Bug #14194 Problem with fulltext boolean search and apostrophe
Submitted: 20 Oct 2005 21:09 Modified: 17 Jan 2006 23:49
Reporter: Jean-Jacques ANDRE Email Updates:
Status: Closed Impact on me:
None 
Category:MySQL Server Severity:S3 (Non-critical)
Version:4.1.11 OS:Windows (Windows)
Assigned to: Sergey Vojtovich CPU Architecture:Any

[20 Oct 2005 21:09] Jean-Jacques ANDRE
Description:
SELECT titre,texte FROM editorial WHERE MATCH (titre,texte) AGAINST ('étude' IN BOOLEAN MODE)

returns no match whereas 

SELECT titre,texte FROM editorial WHERE MATCH (titre,texte) AGAINST ('l\'étude' IN BOOLEAN MODE)

returns a match. It is a big problem in french, for instance,  where l' m' n' s' are common prefixes to a lot of words like in the following sentence:

" l'ouragan m'asperge d'embruns de l'océan "

You cannot find any of these words in fulltext search unless you look for `l'ouragan` or `d'embruns`... You do not want do that. Really annoying...

How to repeat:
CREATE TABLE `editorial` (
  `title` varchar(255) default NULL,
  `searchtext` text NOT NULL,
  FULLTEXT KEY `titre` (`titre`,`searchtext`)
) TYPE=MyISAM;

-- 
-- Contenu de la table `editorial`
-- 
INSERT INTO `editorial` 
VALUES 
('Des effets de la poésie sur le génie des langues', 
'l''ouragan m''asperge d''embruns de l''océan');

Perform the following query:
SELECT titre FROM editorial WHERE MATCH (titre,searchtext) AGAINST ('ouragan' IN BOOLEAN MODE);

No match.........ggggggrrrr................

Suggested fix:
None
[20 Oct 2005 21:50] MySQL Verification Team
Thank you for taking the time to write to us, but this is not
a bug.
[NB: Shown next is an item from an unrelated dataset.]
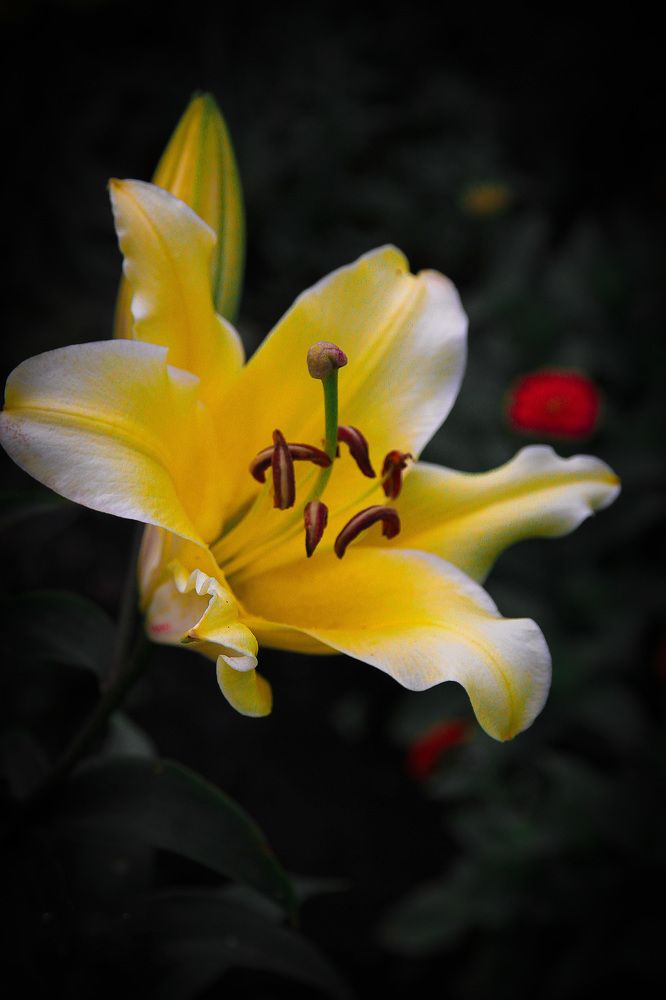 Photograph by Сергей Семенов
Please double-check the documentation available at
http://www.mysql.com/documentation/ and the instructions on
how to report a bug at http://bugs.mysql.com/how-to-report.php

Additional info:

http://dev.mysql.com/doc/refman/5.0/en/fulltext-search.html

The MySQL FULLTEXT implementation regards any sequence of true word characters (letters, digits, and underscores) as a word. That sequence may also contain apostrophes ('), but not more than one in a row. This means that aaa'bbb is regarded as one word, but aaa''bbb is regarded as two words. Apostrophes at the beginning or the end of a word are stripped by the FULLTEXT parser; 'aaa'bbb'  would be parsed as aaa'bbb.

So l'ouragan is regarded as one word and not just ouragan.
[21 Oct 2005 6:43] Jean-Jacques ANDRE
I definitely think that it is a BUG from a linguistic standpoint.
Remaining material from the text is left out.